Amar Yehia, Schweidtmann Artur M, Deutsch Paul, Cao Liwei, Lapkin Alexei
Department of Chemical Engineering and Biotechnology , University of Cambridge , Philippa Fawcett Drive , Cambridge , CB3 0AS , UK . Email:
Aachener Verfahrenstechnik - Process Systems Engineering , RWTH Aachen University , Aachen , Germany.
Chem Sci. 2019 May 30;10(27):6697-6706. doi: 10.1039/c9sc01844a. eCollection 2019 Jul 21.

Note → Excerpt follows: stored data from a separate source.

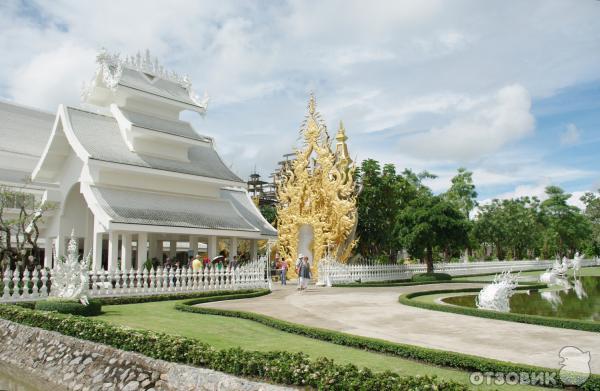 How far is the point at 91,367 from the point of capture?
8.60 m

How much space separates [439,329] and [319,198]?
1409cm

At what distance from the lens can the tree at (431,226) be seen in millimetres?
23703

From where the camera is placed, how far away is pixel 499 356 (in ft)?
22.4

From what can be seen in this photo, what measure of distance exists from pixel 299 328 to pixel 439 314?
383 cm

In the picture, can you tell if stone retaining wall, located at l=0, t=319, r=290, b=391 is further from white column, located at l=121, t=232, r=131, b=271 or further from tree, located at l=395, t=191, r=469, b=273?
tree, located at l=395, t=191, r=469, b=273

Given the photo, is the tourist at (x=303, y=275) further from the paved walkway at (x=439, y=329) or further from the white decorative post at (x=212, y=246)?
the white decorative post at (x=212, y=246)

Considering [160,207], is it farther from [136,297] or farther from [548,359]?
[548,359]

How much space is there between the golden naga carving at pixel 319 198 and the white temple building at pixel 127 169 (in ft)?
6.56

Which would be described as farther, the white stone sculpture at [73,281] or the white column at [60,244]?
the white column at [60,244]

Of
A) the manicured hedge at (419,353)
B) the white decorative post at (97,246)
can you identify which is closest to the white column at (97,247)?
the white decorative post at (97,246)

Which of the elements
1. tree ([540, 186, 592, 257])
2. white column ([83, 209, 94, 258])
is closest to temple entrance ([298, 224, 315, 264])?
white column ([83, 209, 94, 258])

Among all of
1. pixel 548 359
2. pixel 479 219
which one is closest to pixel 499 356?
pixel 548 359

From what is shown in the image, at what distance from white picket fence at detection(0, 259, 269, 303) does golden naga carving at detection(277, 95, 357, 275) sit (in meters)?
3.32

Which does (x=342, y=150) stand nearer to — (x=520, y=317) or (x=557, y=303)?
(x=557, y=303) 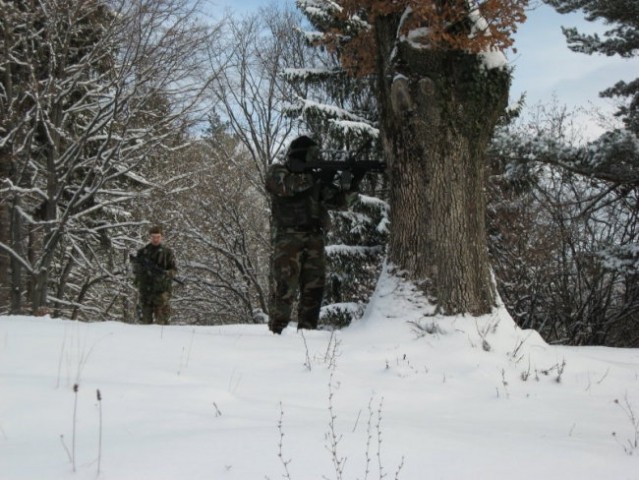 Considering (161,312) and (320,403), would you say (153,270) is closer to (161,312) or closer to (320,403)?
(161,312)

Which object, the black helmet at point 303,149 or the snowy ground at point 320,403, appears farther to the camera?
the black helmet at point 303,149

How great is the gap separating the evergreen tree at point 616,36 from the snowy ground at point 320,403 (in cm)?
625

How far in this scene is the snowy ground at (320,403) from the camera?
6.21ft

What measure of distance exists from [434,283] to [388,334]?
1.99 ft

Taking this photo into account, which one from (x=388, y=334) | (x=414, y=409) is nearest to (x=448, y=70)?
(x=388, y=334)

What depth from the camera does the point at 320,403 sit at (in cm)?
301

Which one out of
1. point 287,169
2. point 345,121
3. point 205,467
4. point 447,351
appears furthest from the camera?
point 345,121

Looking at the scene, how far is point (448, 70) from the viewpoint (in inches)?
190

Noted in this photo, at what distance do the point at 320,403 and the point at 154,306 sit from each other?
612 centimetres

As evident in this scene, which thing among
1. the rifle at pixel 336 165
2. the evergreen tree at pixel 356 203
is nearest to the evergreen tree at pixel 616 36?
the evergreen tree at pixel 356 203

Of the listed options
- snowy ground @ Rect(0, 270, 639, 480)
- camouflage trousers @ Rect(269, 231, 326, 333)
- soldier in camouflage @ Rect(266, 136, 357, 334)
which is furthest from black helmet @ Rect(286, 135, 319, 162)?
snowy ground @ Rect(0, 270, 639, 480)

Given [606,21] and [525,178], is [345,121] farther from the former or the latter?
[606,21]

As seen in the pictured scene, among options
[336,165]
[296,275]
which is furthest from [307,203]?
[296,275]

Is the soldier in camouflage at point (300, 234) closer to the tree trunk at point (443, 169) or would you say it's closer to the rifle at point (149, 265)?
the tree trunk at point (443, 169)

Rational solvent selection remains a significant challenge in process development. Here we describe a hybrid mechanistic-machine learning approach, geared towards automated process development workflow. A library of 459 solvents was used, for which 12 conventional molecular descriptors, two reaction-specific descriptors, and additional descriptors based on screening charge density, were calculated. Gaussian process surrogate models were trained on experimental data from a Rh(CO)(acac)/Josiphos catalysed asymmetric hydrogenation of a chiral α-β unsaturated γ-lactam. With two simultaneous objectives - high conversion and high diastereomeric excess - the multi-objective algorithm, trained on the initial dataset of 25 solvents, has identified solvents leading to better reaction outcomes. In addition to being a powerful design of experiments (DoE) methodology, the resulting Gaussian process surrogate model for conversion is, in statistical terms, predictive, with a cross-validation correlation coefficient of 0.84. After identifying promising solvents, the composition of solvent mixtures and optimal reaction temperature were found using a black-box Bayesian optimisation. We then demonstrated the application of a new genetic programming approach to select an appropriate machine learning model for a specific physical system, which should allow the transition of the overall process development workflow into the future robotic laboratories.
在工艺开发中,合理选择溶剂仍然是一项重大挑战。在此,我们描述了一种混合的机理-机器学习方法,旨在实现自动化工艺开发工作流程。我们使用了一个包含459种溶剂的库,并计算了12种常规分子描述符、两种反应特定描述符以及基于筛选电荷密度的其他描述符。高斯过程代理模型是根据Rh(CO)(acac)/Josiphos催化的手性α-β不饱和γ-内酰胺不对称氢化反应的实验数据进行训练的。通过两个同时的目标——高转化率和高非对映体过量——在最初的25种溶剂数据集上训练的多目标算法,已经识别出能带来更好反应结果的溶剂。除了是一种强大的实验设计(DoE)方法外,由此产生的用于转化率的高斯过程代理模型在统计上具有预测性,交叉验证相关系数为0.84。在识别出有前景的溶剂后,使用黑箱贝叶斯优化方法确定了溶剂混合物的组成和最佳反应温度。然后,我们展示了一种新的遗传编程方法在为特定物理系统选择合适的机器学习模型方面的应用,这应该能够使整个工艺开发工作流程向未来的机器人实验室过渡。